Assigned task:
Return the records word for word. Pictures do not belong in the copy.

Records:
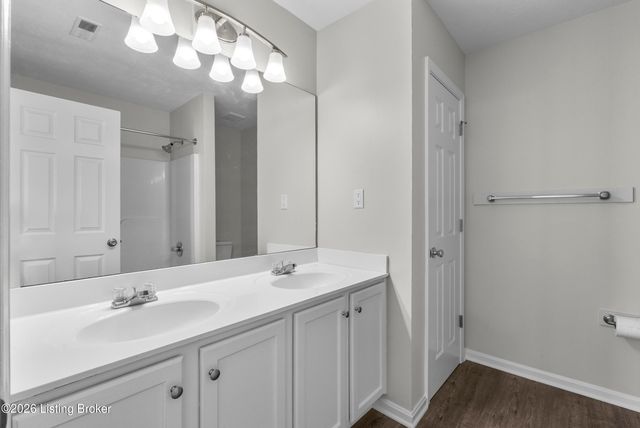 6524 Cottagemeadow Dr, Louisville, KY 40218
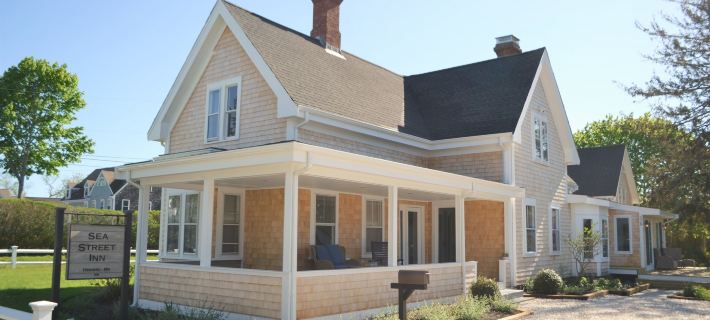 Sea Street Inn Hotels in Barnstable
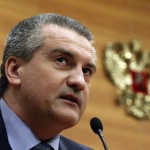 Банките в Крим се връщат към нормалната си дейност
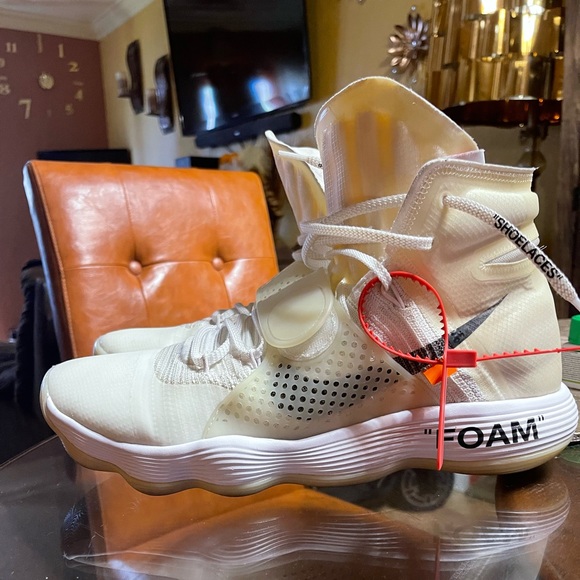 Sepatu Nike Foam Hyperdunk Foam Off White Off-White Nuke React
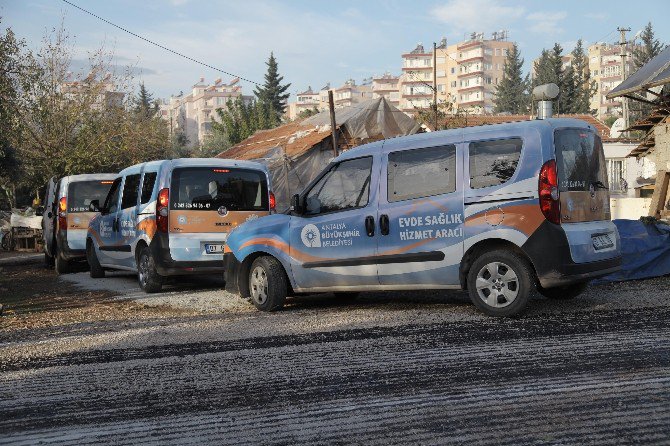 Büyükşehir’in Evde Bakım Hizmeti 26 Bin Vatandaşa Ulaştı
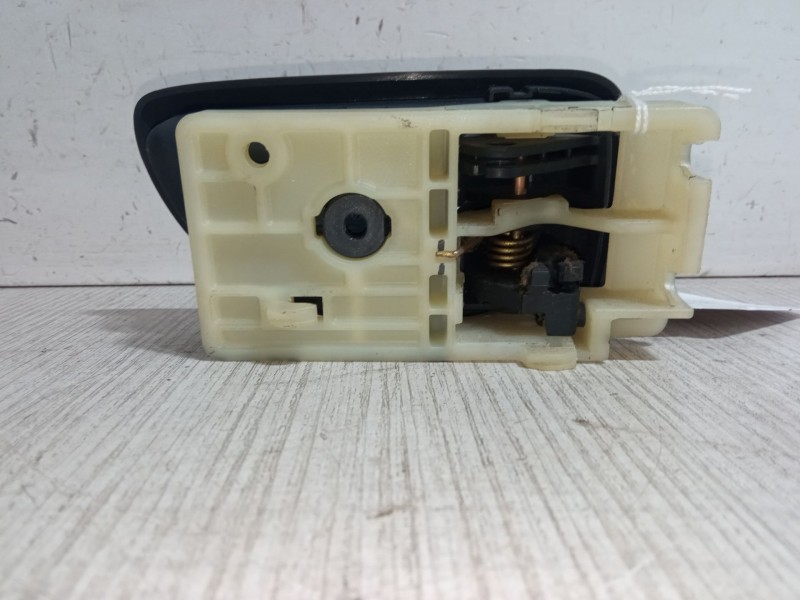 Recambio de maneta interior puerta delantera izquierda para hyundai tucson (jm) 2.0 referencia OEM IAM   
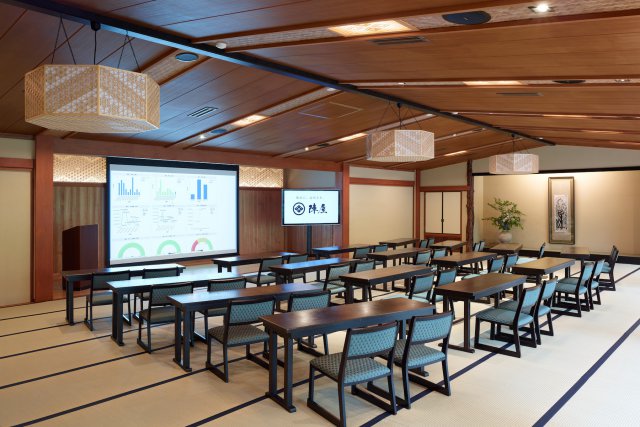 プロジェクターやWi-Fiが完備された会場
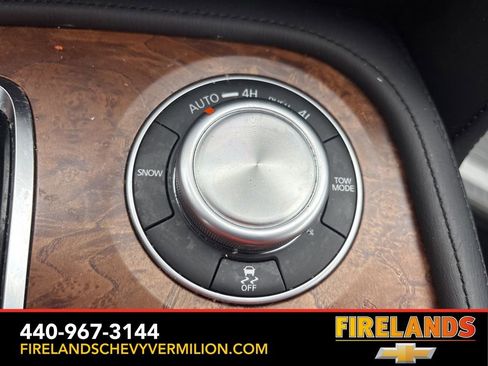 Used 2024 Nissan Armada SL image 23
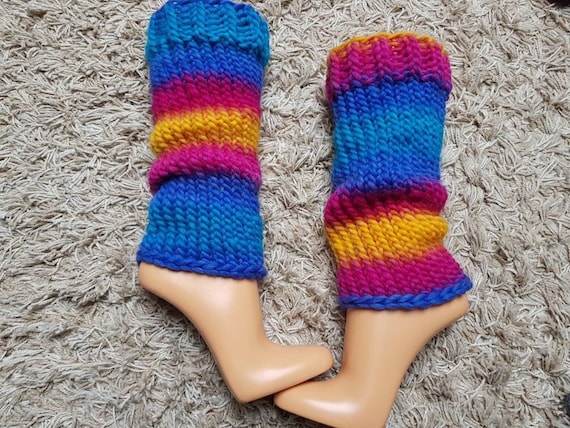 Weiche lila rot pink orange gelb bunt gestrickte Beinstulpen one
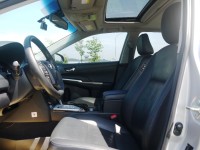 Toyota  Camry 正2014年 2.5L油電Q版最頂級 | 新北市汽車商業同業公會｜TACA優良車商聯盟｜中古、二手車買車賣車公會認證保固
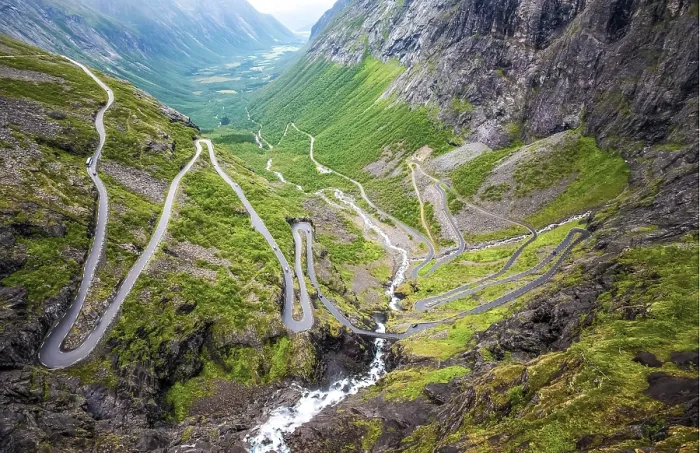 Gerahmter Druck : Trollstigen, Norwegen Gerahmter Druck : Trollstigen, Norwegen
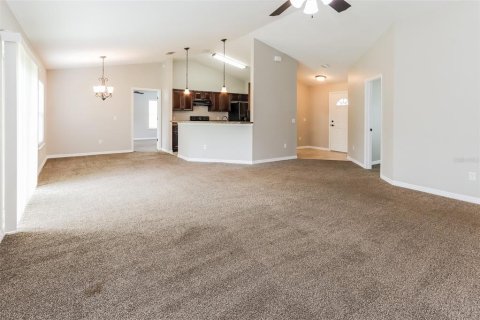 Casa en alquiler en Ocala, Florida, 3 dormitorios, 161 m2 № 1642332 - foto 3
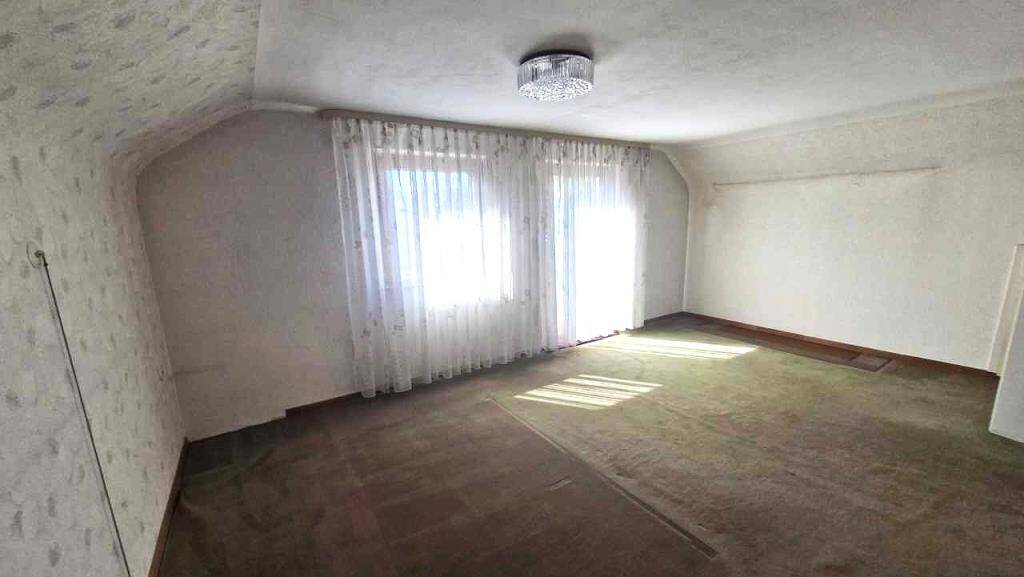 Einfamilienhaus Pfullingen - 6 Zimmer, 143 m&sup2;, 565.000&euro; | Angebot:26674169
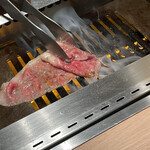 個室焼肉 銀座きたお - 美味しく焼いてくれます♪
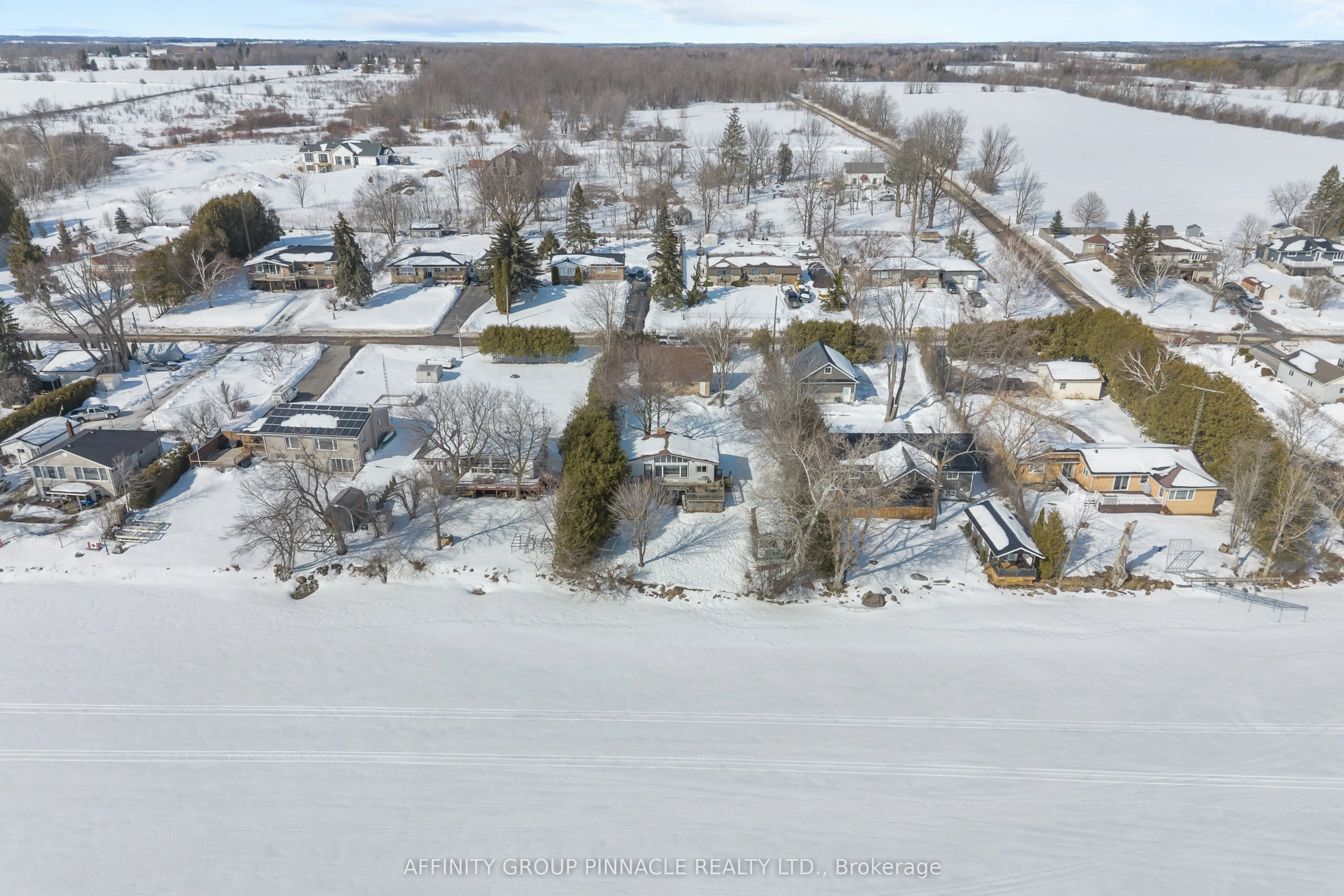 18 Lakeview Boulevard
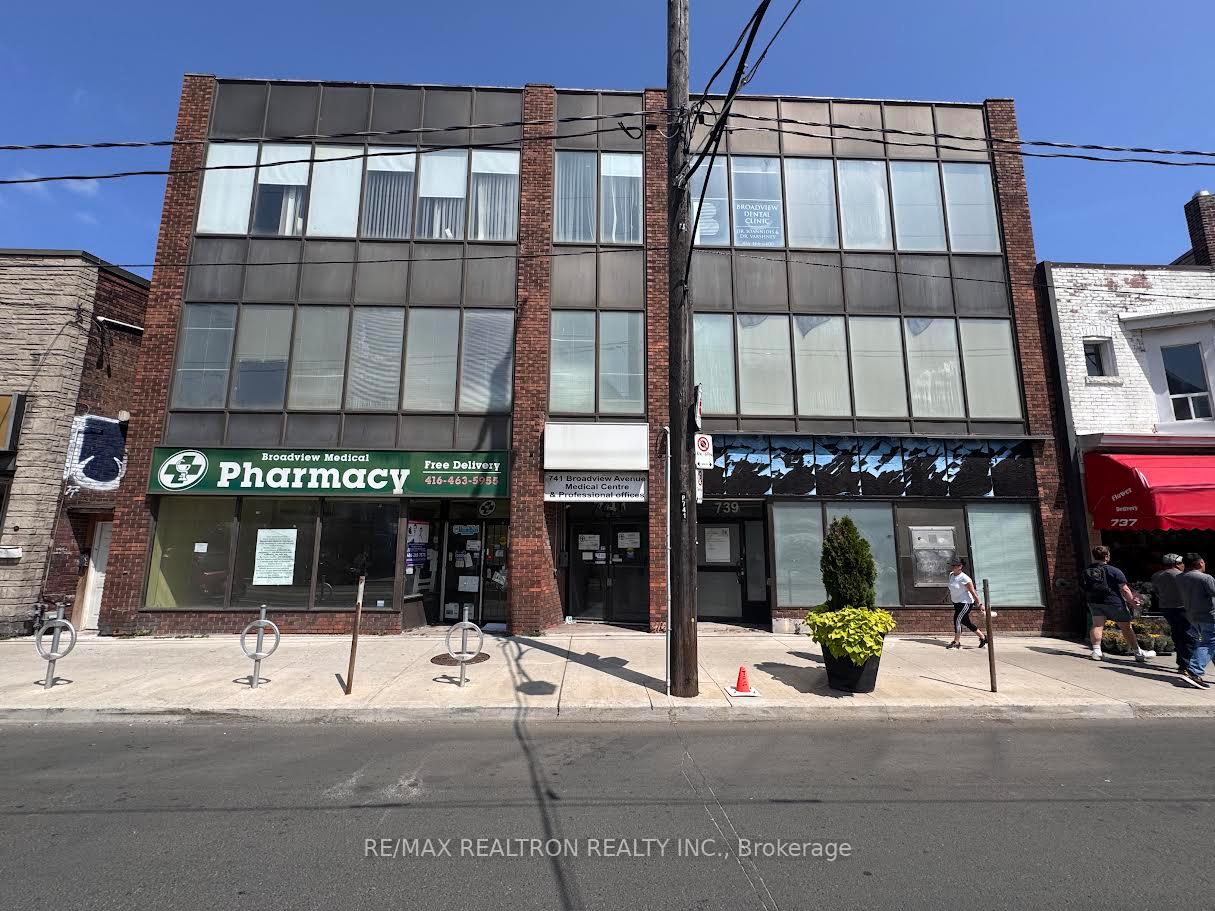 743 Broadview Avenue Toronto Ontario Canada Lease commercial   Bruce Murray - Real Estate Homeward, Brokerage
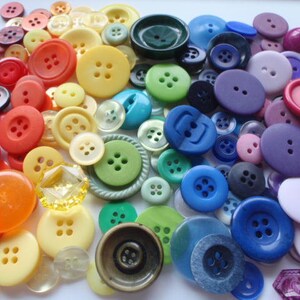 Rainbow Mix of Sewing Buttons 5 to 30mm 180 to 220 Buttons Quarter Pound of Buttons image 3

Solution to this problem:
 6524 Cottagemeadow Dr, Louisville, KY 40218
 Sea Street Inn Hotels in Barnstable
 Банките в Крим се връщат към нормалната си дейност
 Sepatu Nike Foam Hyperdunk Foam Off White Off-White Nuke React
 Büyükşehir’in Evde Bakım Hizmeti 26 Bin Vatandaşa Ulaştı
 Recambio de maneta interior puerta delantera izquierda para hyundai tucson (jm) 2.0 referencia OEM IAM   
 プロジェクターやWi-Fiが完備された会場
 Used 2024 Nissan Armada SL image 23
 Weiche lila rot pink orange gelb bunt gestrickte Beinstulpen one
 Toyota  Camry 正2014年 2.5L油電Q版最頂級 | 新北市汽車商業同業公會｜TACA優良車商聯盟｜中古、二手車買車賣車公會認證保固
 Gerahmter Druck : Trollstigen, Norwegen Gerahmter Druck : Trollstigen, Norwegen
 Casa en alquiler en Ocala, Florida, 3 dormitorios, 161 m2 № 1642332 - foto 3
 Einfamilienhaus Pfullingen - 6 Zimmer, 143 m&sup2;, 565.000&euro; | Angebot:26674169
 個室焼肉 銀座きたお - 美味しく焼いてくれます♪
 18 Lakeview Boulevard
 743 Broadview Avenue Toronto Ontario Canada Lease commercial   Bruce Murray - Real Estate Homeward, Brokerage
 Rainbow Mix of Sewing Buttons 5 to 30mm 180 to 220 Buttons Quarter Pound of Buttons image 3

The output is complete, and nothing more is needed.